Include an alignment between GOLD Biosample IDs and NCBI Biosample IDs

turbomam commented 8 months ago

Possibly available from https://gold.jgi.doe.gov/downloads, specifically the Public Studies/Biosamples/SPs/APs/Organisms Excel link, which downloads goldData.xlsx

The Sequencing Project tab within goldData.xlsx looks most promising

But it might be beneficial to try other approaches, too.

turbomam commented 8 months ago

import json
import csv

# Load JSON data
with open('all-gold-studies.json', 'r') as f:
    data = json.load(f)

print("LOADED")

# Open TSV file for writing
with open('output.tsv', 'w', newline='') as tsvfile:
    # Define TSV writer with tab as the delimiter
    writer = csv.writer(tsvfile, delimiter='\t')

    # Write header row with reordered columns
    writer.writerow(['studyGoldId', 'biosampleGoldId', 'projectGoldId', 'ncbiBioSampleAccession', 'ncbiBioProjectAccession', 'sraExperimentIds'])

    # Iterate over studies
    for study in data:
        study_gold_id = study.get('studyGoldId', '')

        # Iterate over biosamples
        biosamples = study.get('biosamples', [])
        for biosample in biosamples:
            biosample_gold_id = biosample.get('biosampleGoldId', '')

            # Iterate over projects
            projects = biosample.get('projects', [])
            for project in projects:
                project_gold_id = project.get('projectGoldId', '')
                print(f"{study_gold_id}: {biosample_gold_id} {project_gold_id}")
                ncbi_bio_project_accession = project.get('ncbiBioProjectAccession', '')
                ncbi_bio_sample_accession = project.get('ncbiBioSampleAccession', '')

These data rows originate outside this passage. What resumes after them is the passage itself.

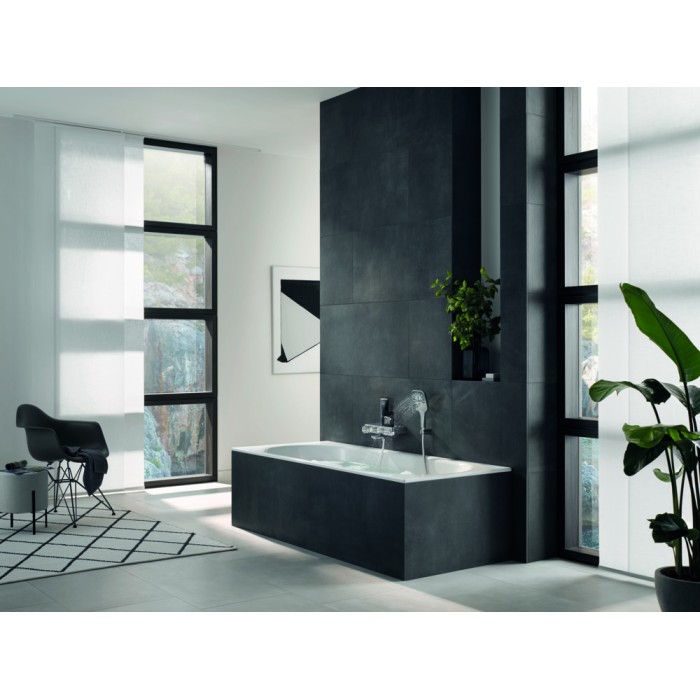 Душовий набір з тримачем, 3 режими струменю Grohe Rainshower SmartActive (26589000)
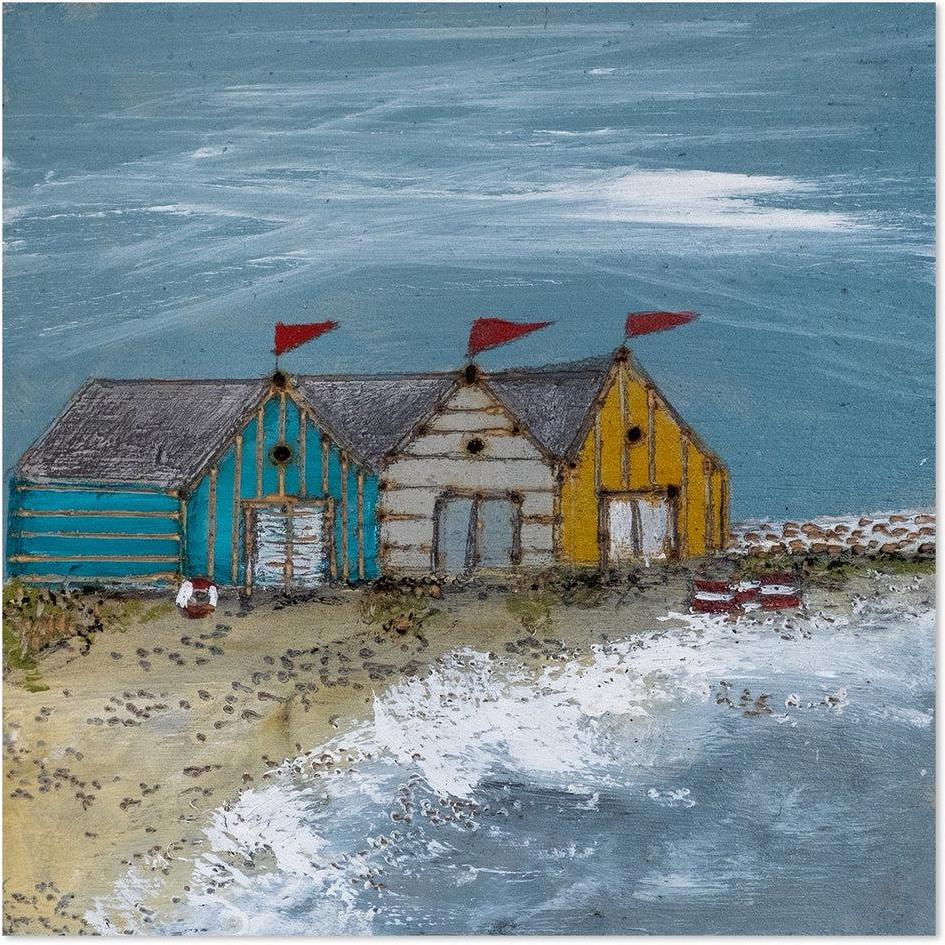 wall-art-print-canvas-poster-framed-An Unexpected High Tide-by-Louise O'hara-Gioia Wall Art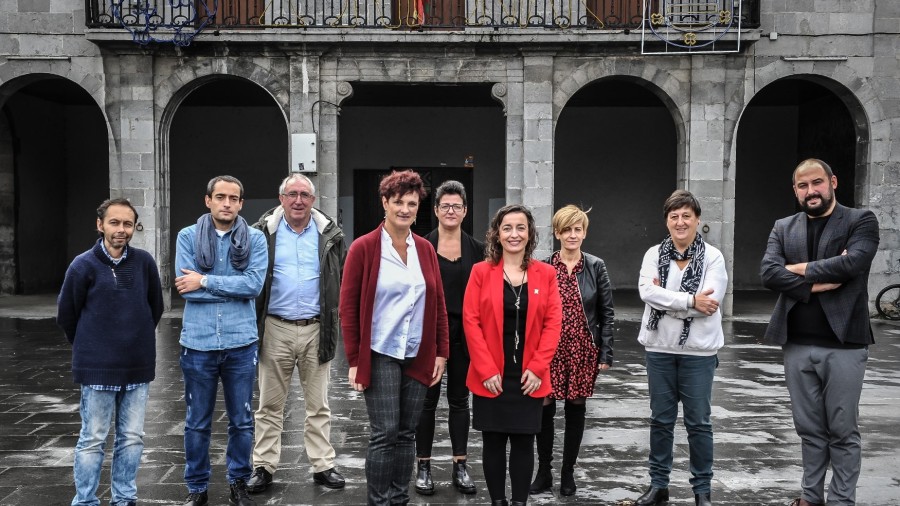 El Gobierno de coalición PSE-EE y EAJ-PNV da a conocer las líneas estratégicas del plan de legislatura y presenta el proyecto de presupuestos para el 2020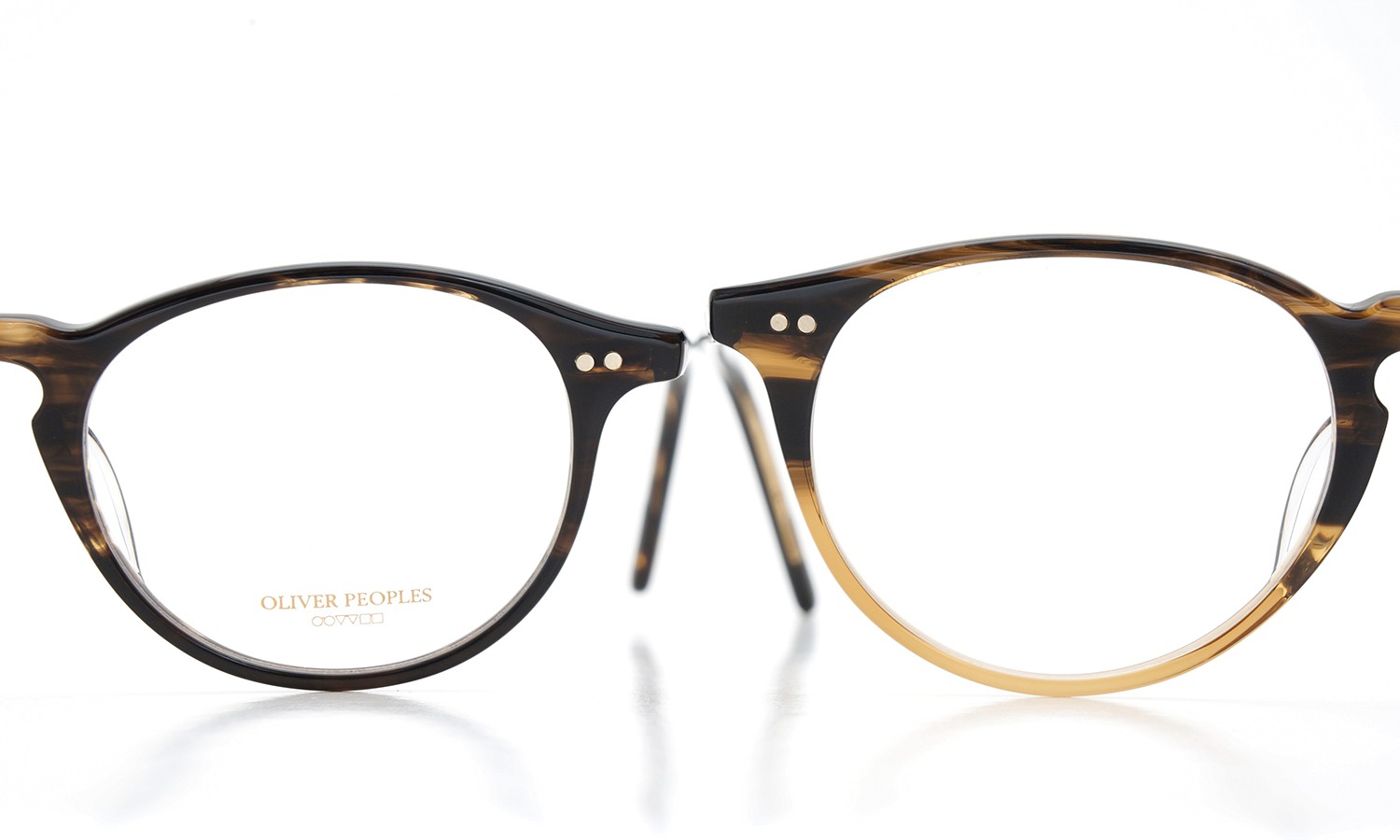 OLIVER PEOPLES (オリバーピープルズ) メガネ Riley-P-CF 48size 8108 Limited Edition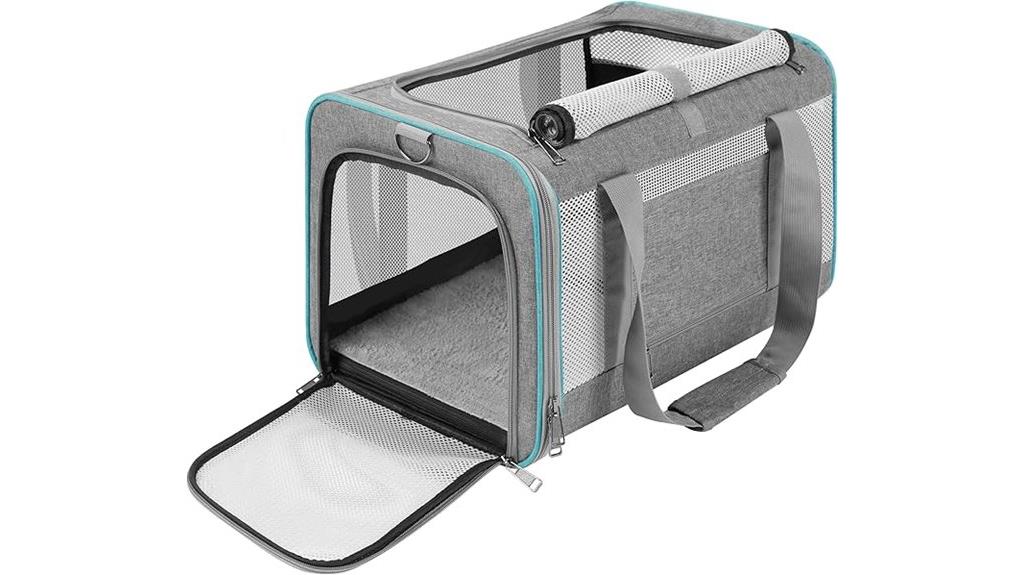 large cat and dog carrier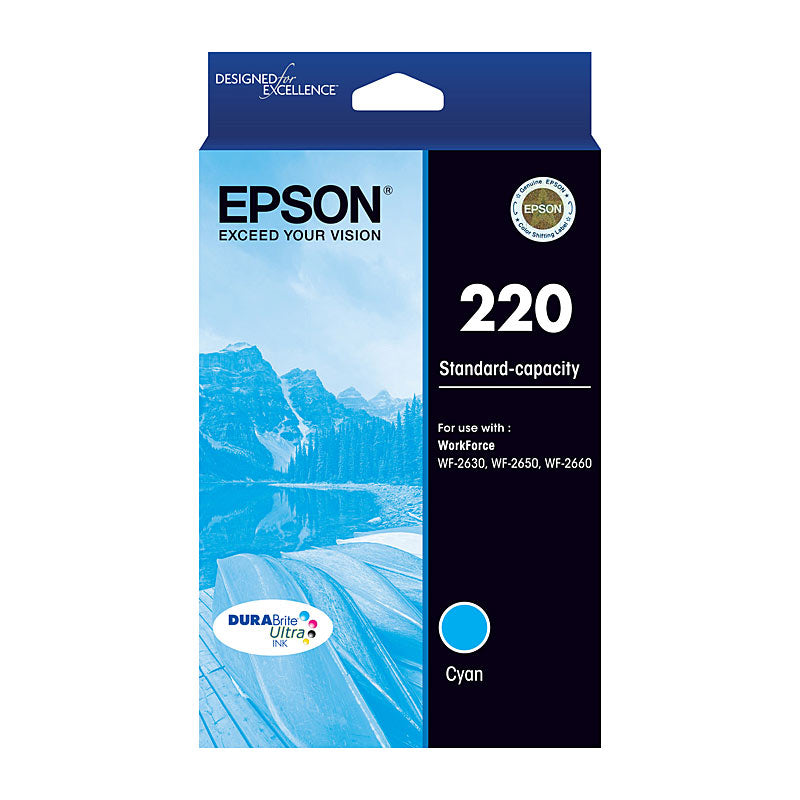 EPSON 220 Cyan Ink Cartridge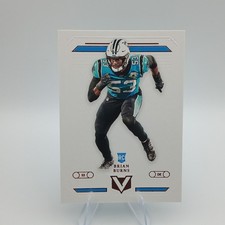2019 Panini Chronicles #V-14 Brian Burns Vertex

                # Extract sraExperimentIds and pipe-delimit them
                sra_experiment_ids = '|'.join(project.get('sraExperimentIds', []))

                # Write row to TSV with reordered columns and sraExperimentIds
                writer.writerow([study_gold_id, biosample_gold_id, project_gold_id, ncbi_bio_sample_accession, ncbi_bio_project_accession, sra_experiment_ids])

print("TSV file generated successfully.")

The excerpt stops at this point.